### Exercise brief
Any picture in the entries is to be skipped, while everything else is transcribed word for word.

### Provided data
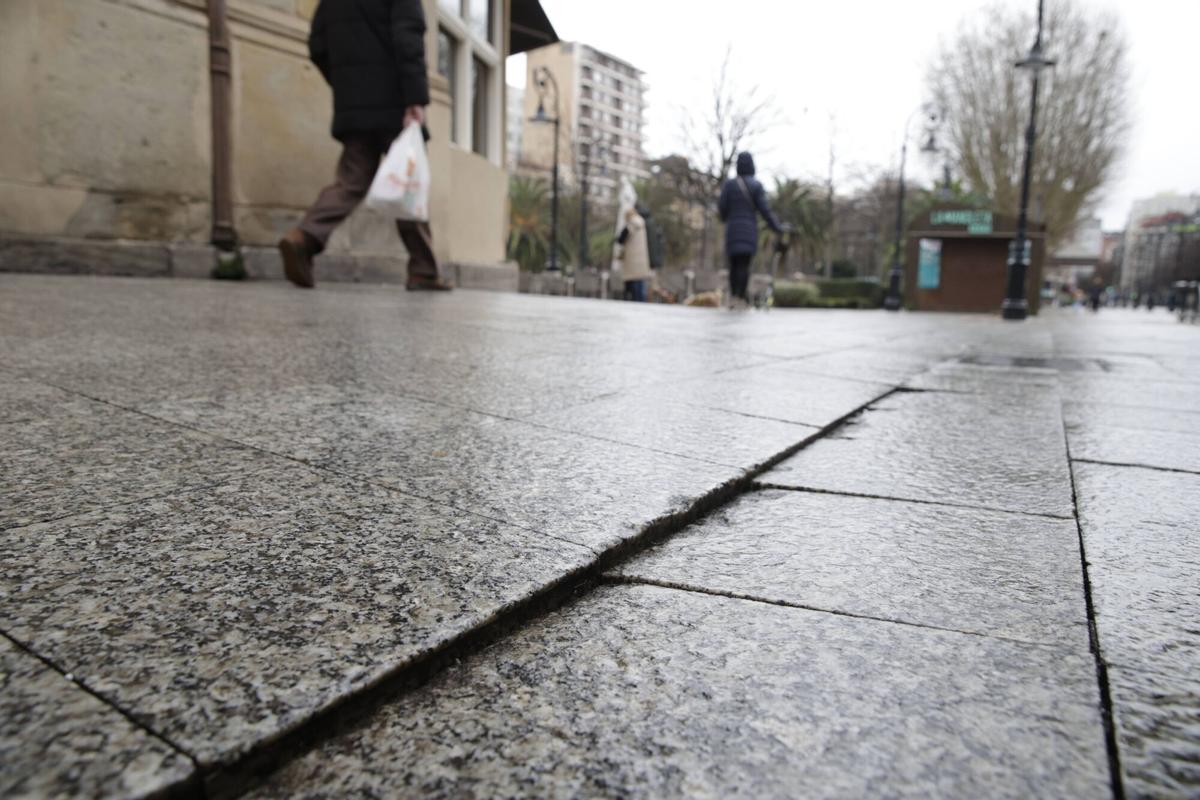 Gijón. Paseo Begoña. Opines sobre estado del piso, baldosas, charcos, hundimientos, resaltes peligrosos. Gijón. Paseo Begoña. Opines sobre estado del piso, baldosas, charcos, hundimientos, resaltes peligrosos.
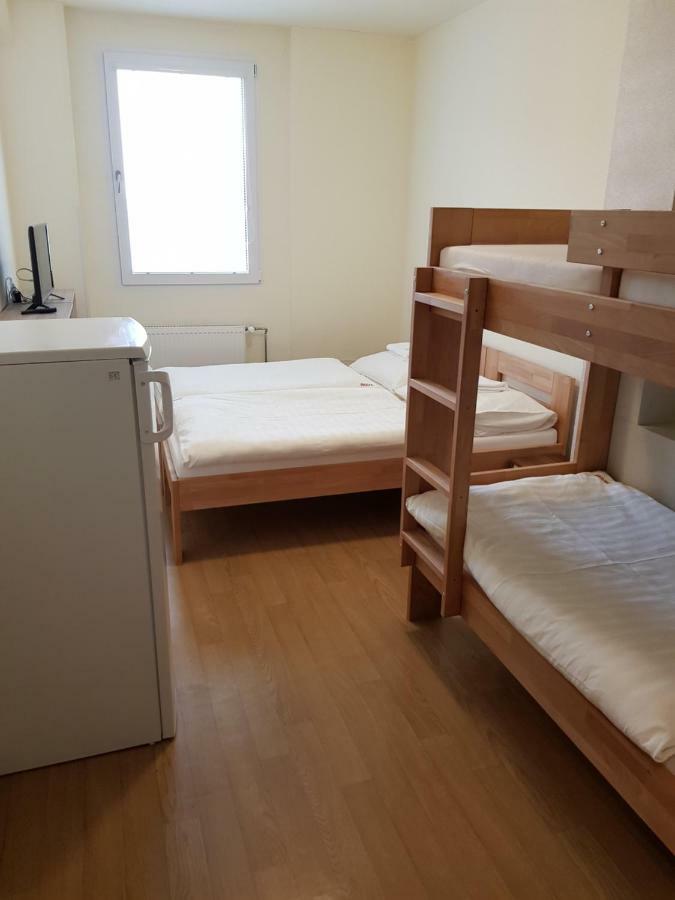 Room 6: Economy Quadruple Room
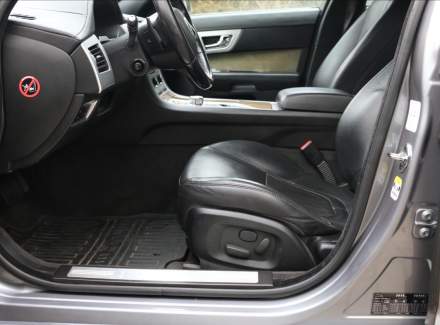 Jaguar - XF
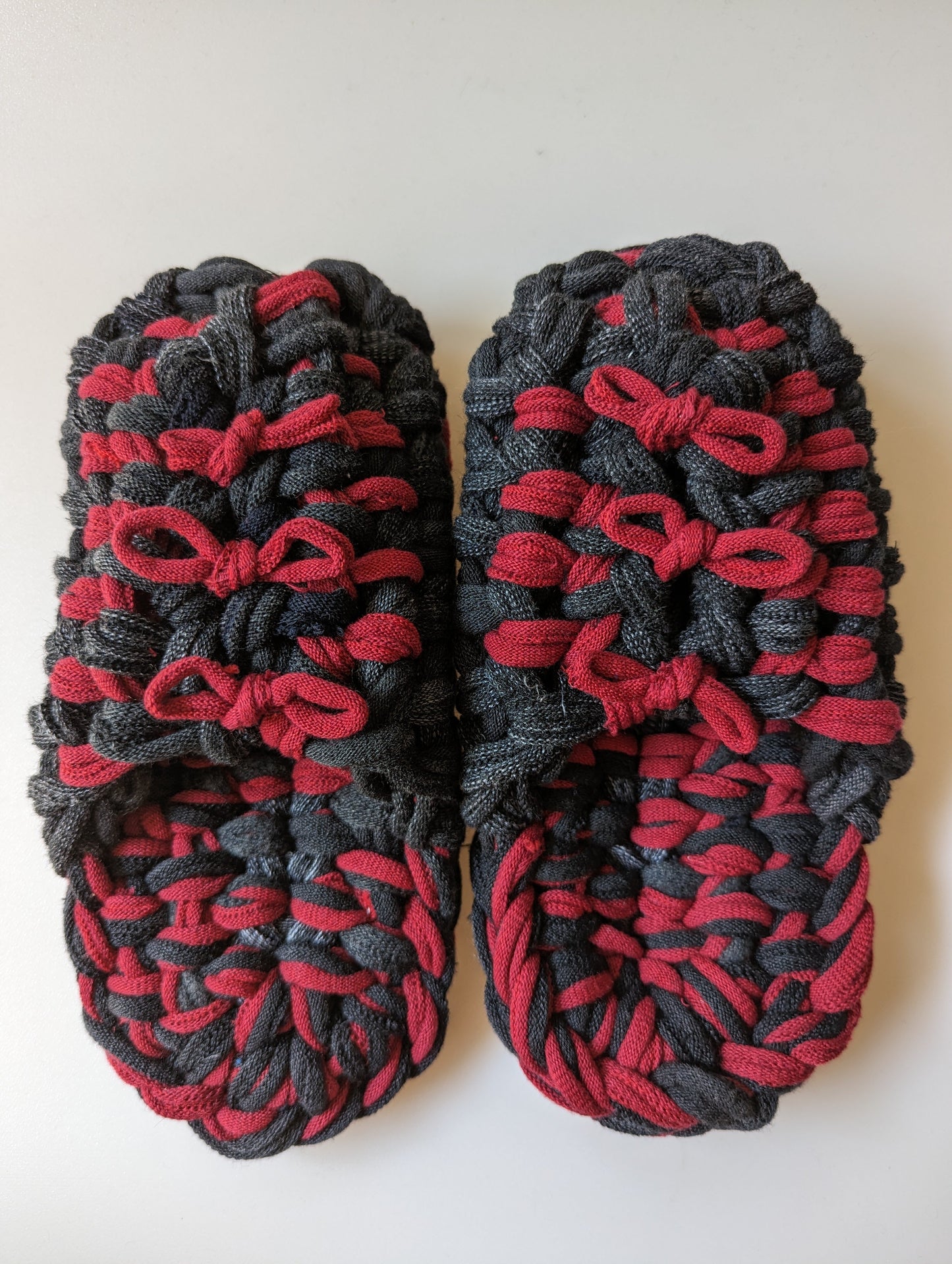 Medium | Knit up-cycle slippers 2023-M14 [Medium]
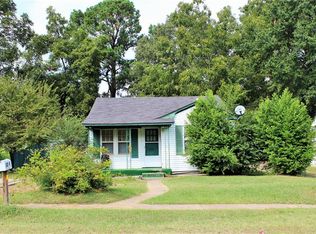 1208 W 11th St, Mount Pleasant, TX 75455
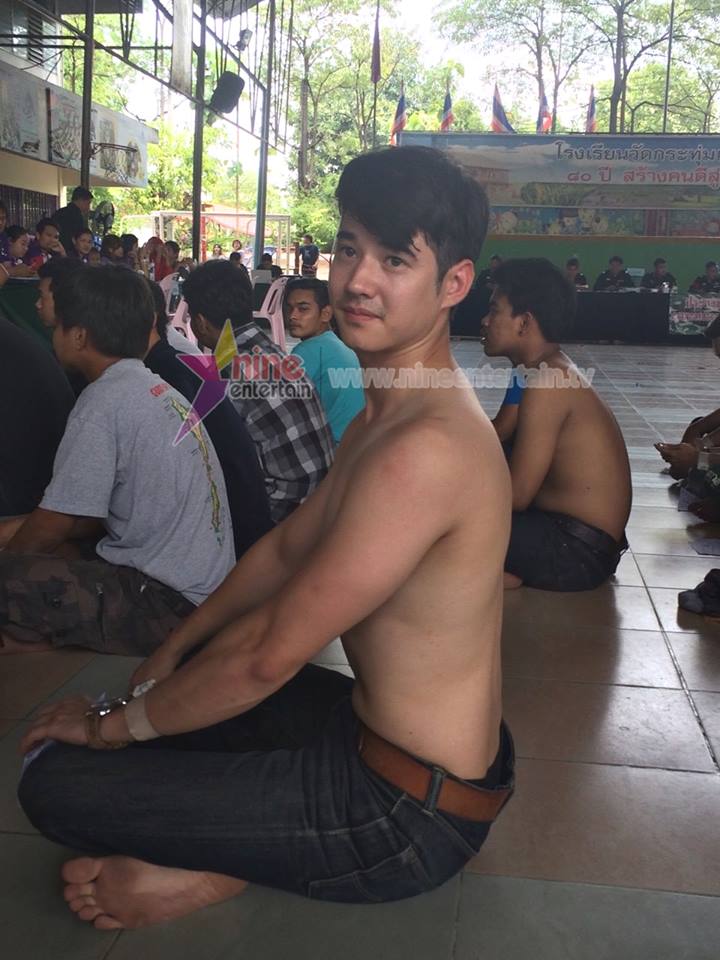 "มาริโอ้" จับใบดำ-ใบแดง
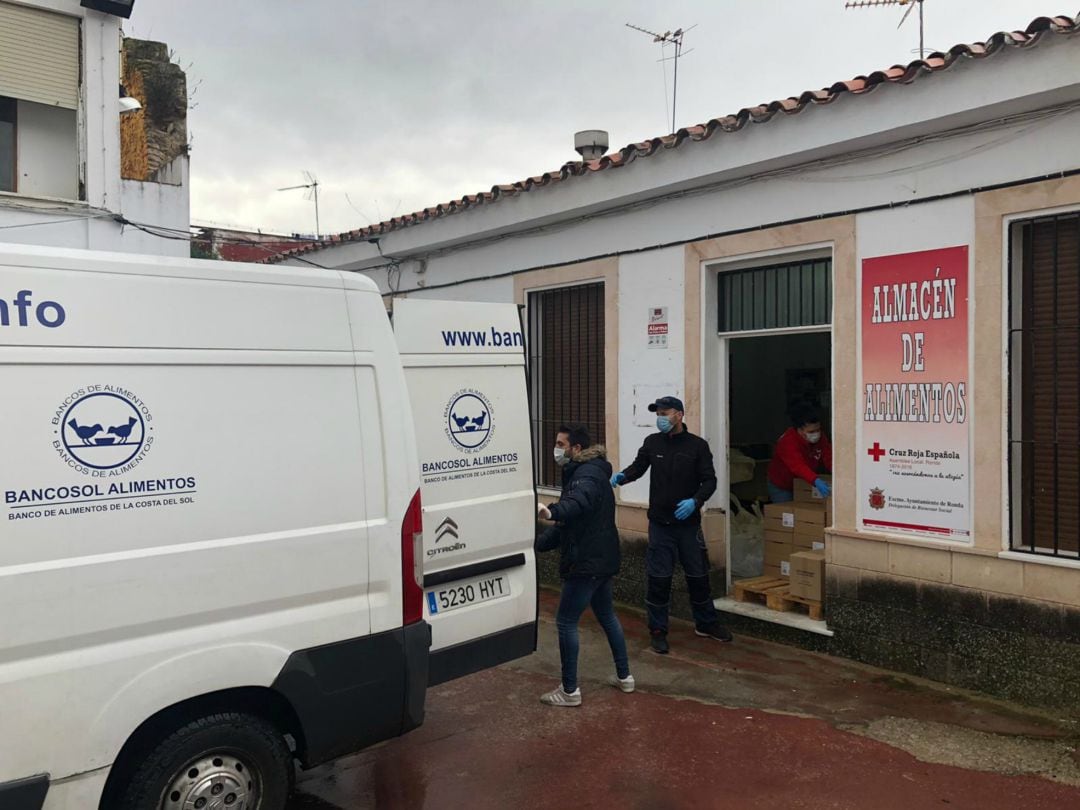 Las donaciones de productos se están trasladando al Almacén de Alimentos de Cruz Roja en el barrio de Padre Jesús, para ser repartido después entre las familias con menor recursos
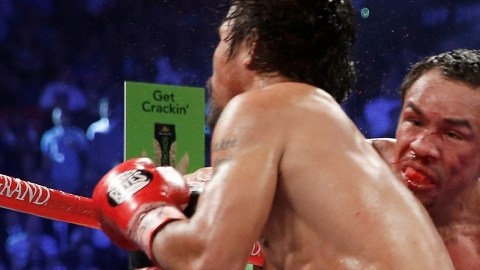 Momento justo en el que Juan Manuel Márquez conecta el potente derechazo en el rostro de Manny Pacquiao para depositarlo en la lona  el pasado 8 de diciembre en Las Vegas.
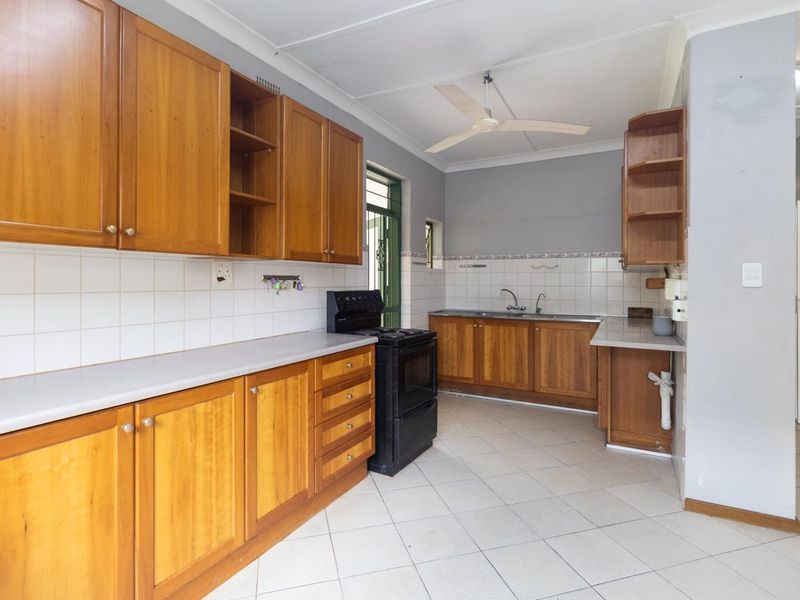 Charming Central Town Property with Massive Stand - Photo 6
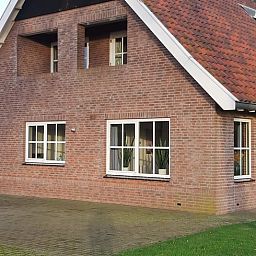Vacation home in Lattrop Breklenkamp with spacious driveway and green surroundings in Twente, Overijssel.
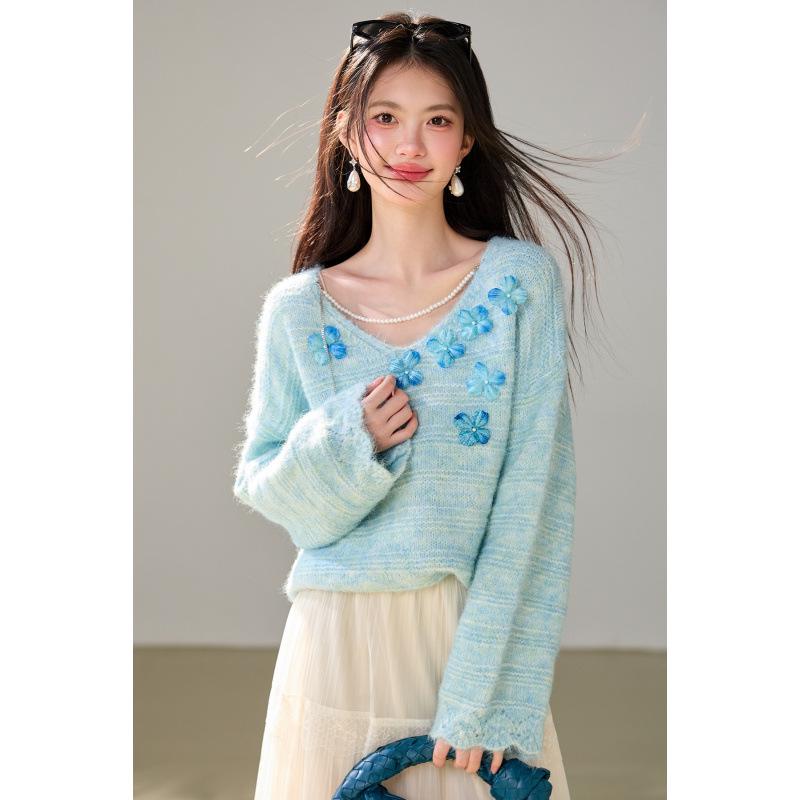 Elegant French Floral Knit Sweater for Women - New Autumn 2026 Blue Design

### Task answer
 Gijón. Paseo Begoña. Opines sobre estado del piso, baldosas, charcos, hundimientos, resaltes peligrosos. Gijón. Paseo Begoña. Opines sobre estado del piso, baldosas, charcos, hundimientos, resaltes peligrosos.
 Room 6: Economy Quadruple Room
 Jaguar - XF
 Medium | Knit up-cycle slippers 2023-M14 [Medium]
 1208 W 11th St, Mount Pleasant, TX 75455
 "มาริโอ้" จับใบดำ-ใบแดง
 Las donaciones de productos se están trasladando al Almacén de Alimentos de Cruz Roja en el barrio de Padre Jesús, para ser repartido después entre las familias con menor recursos
 Momento justo en el que Juan Manuel Márquez conecta el potente derechazo en el rostro de Manny Pacquiao para depositarlo en la lona  el pasado 8 de diciembre en Las Vegas.
 Charming Central Town Property with Massive Stand - Photo 6
Vacation home in Lattrop Breklenkamp with spacious driveway and green surroundings in Twente, Overijssel.
 Elegant French Floral Knit Sweater for Women - New Autumn 2026 Blue Design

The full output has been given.